Problem to work on:
Repeat only the lines below that run from the line with "Zapatillas Infantil Infantil" to the line with "KOKOSIRI Towel Bars", ends included; skip every picture.

Input data:
--------------------------------------------------

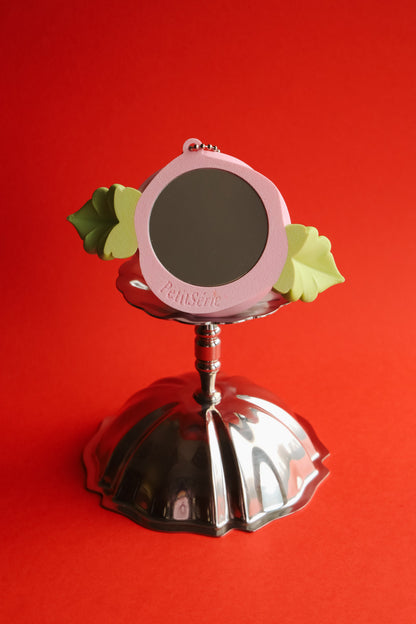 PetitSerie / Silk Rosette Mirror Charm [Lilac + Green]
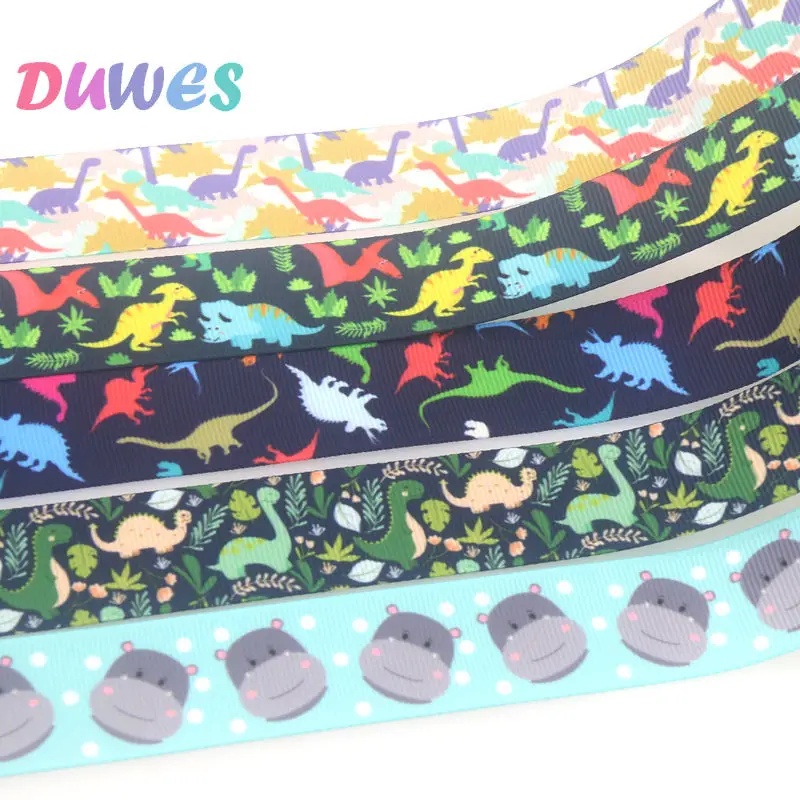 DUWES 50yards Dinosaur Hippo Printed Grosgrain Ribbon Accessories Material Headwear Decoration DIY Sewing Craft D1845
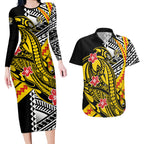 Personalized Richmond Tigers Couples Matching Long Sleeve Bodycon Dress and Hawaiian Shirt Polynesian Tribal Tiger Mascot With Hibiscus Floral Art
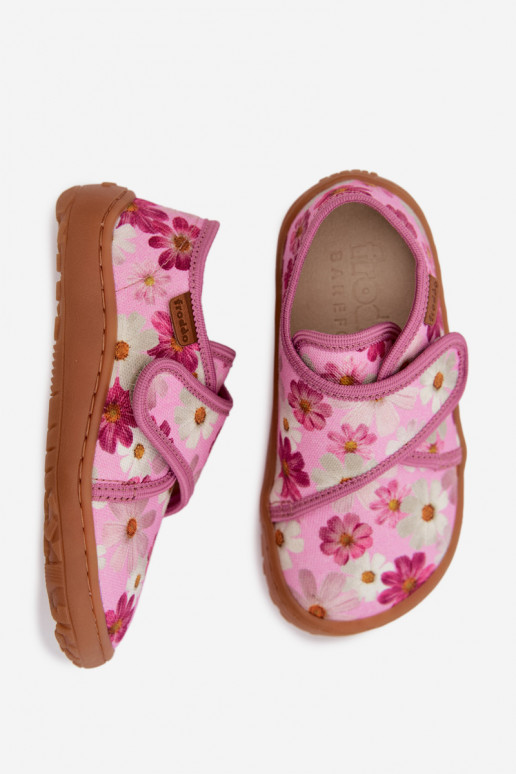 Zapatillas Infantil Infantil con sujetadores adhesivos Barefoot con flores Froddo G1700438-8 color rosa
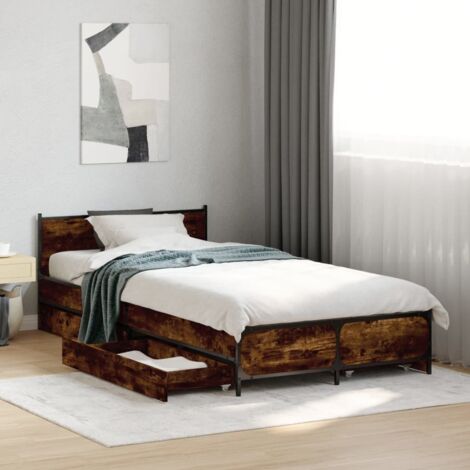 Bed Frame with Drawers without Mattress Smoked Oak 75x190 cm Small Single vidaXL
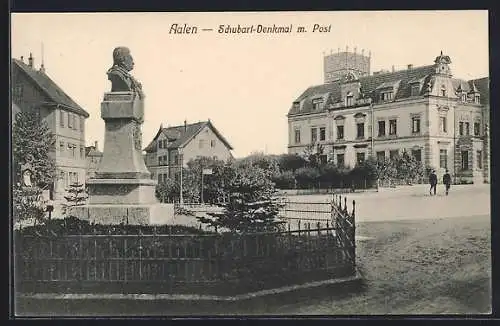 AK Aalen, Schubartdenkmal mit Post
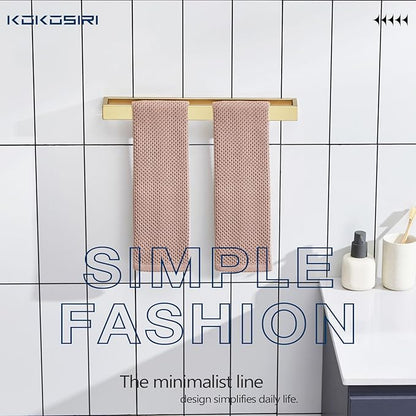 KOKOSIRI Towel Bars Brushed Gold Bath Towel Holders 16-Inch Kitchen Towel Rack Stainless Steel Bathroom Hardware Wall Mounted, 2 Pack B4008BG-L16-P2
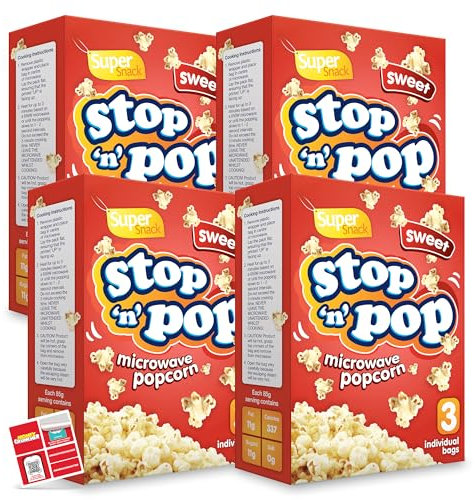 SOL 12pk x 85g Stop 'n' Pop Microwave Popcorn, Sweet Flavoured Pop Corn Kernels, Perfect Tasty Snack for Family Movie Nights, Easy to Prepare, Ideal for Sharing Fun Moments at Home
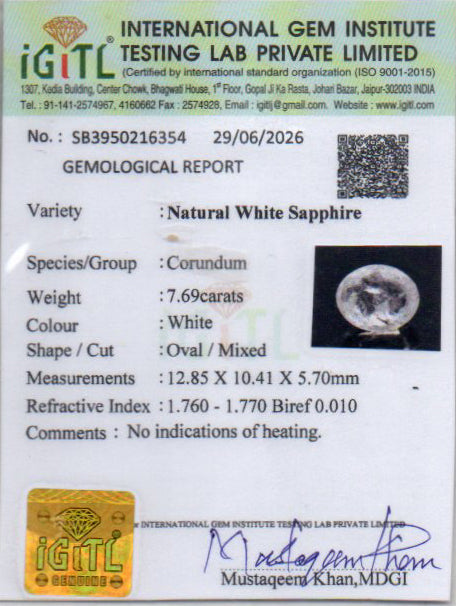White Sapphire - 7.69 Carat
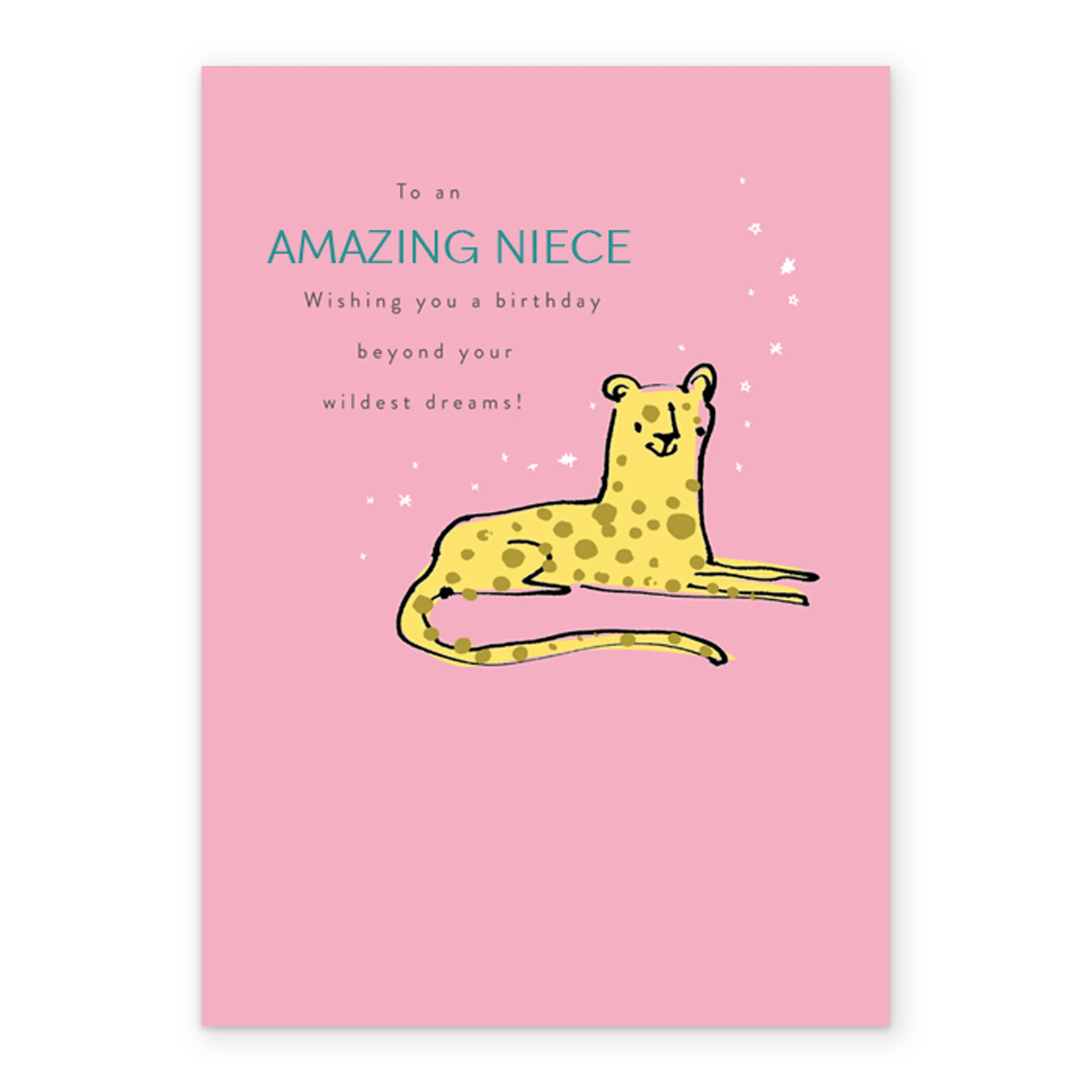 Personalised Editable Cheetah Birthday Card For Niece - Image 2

--------------------------------------------------

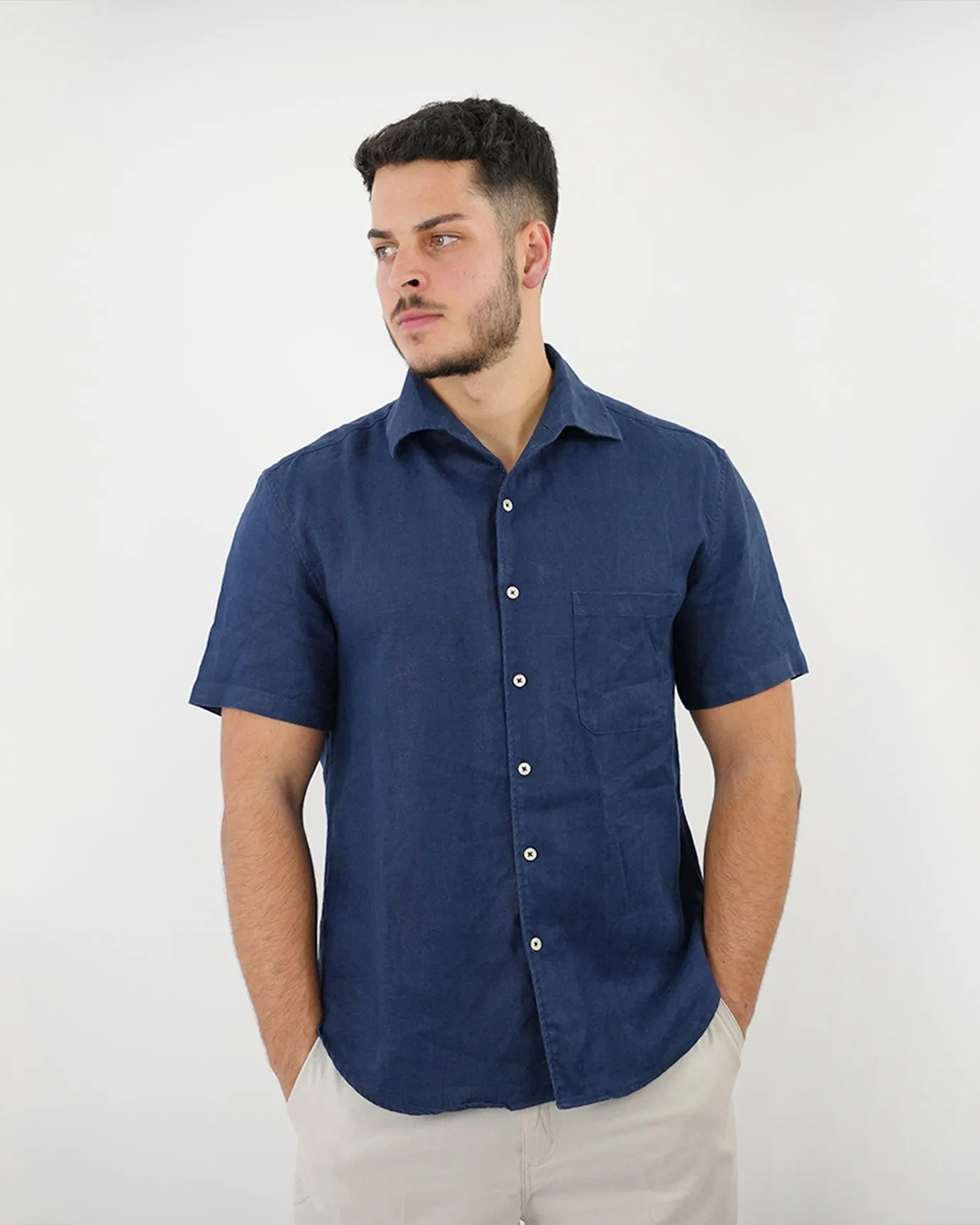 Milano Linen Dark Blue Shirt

--------------------------------------------------

Problem solution:
 Zapatillas Infantil Infantil con sujetadores adhesivos Barefoot con flores Froddo G1700438-8 color rosa
 Bed Frame with Drawers without Mattress Smoked Oak 75x190 cm Small Single vidaXL
 AK Aalen, Schubartdenkmal mit Post
 KOKOSIRI Towel Bars Brushed Gold Bath Towel Holders 16-Inch Kitchen Towel Rack Stainless Steel Bathroom Hardware Wall Mounted, 2 Pack B4008BG-L16-P2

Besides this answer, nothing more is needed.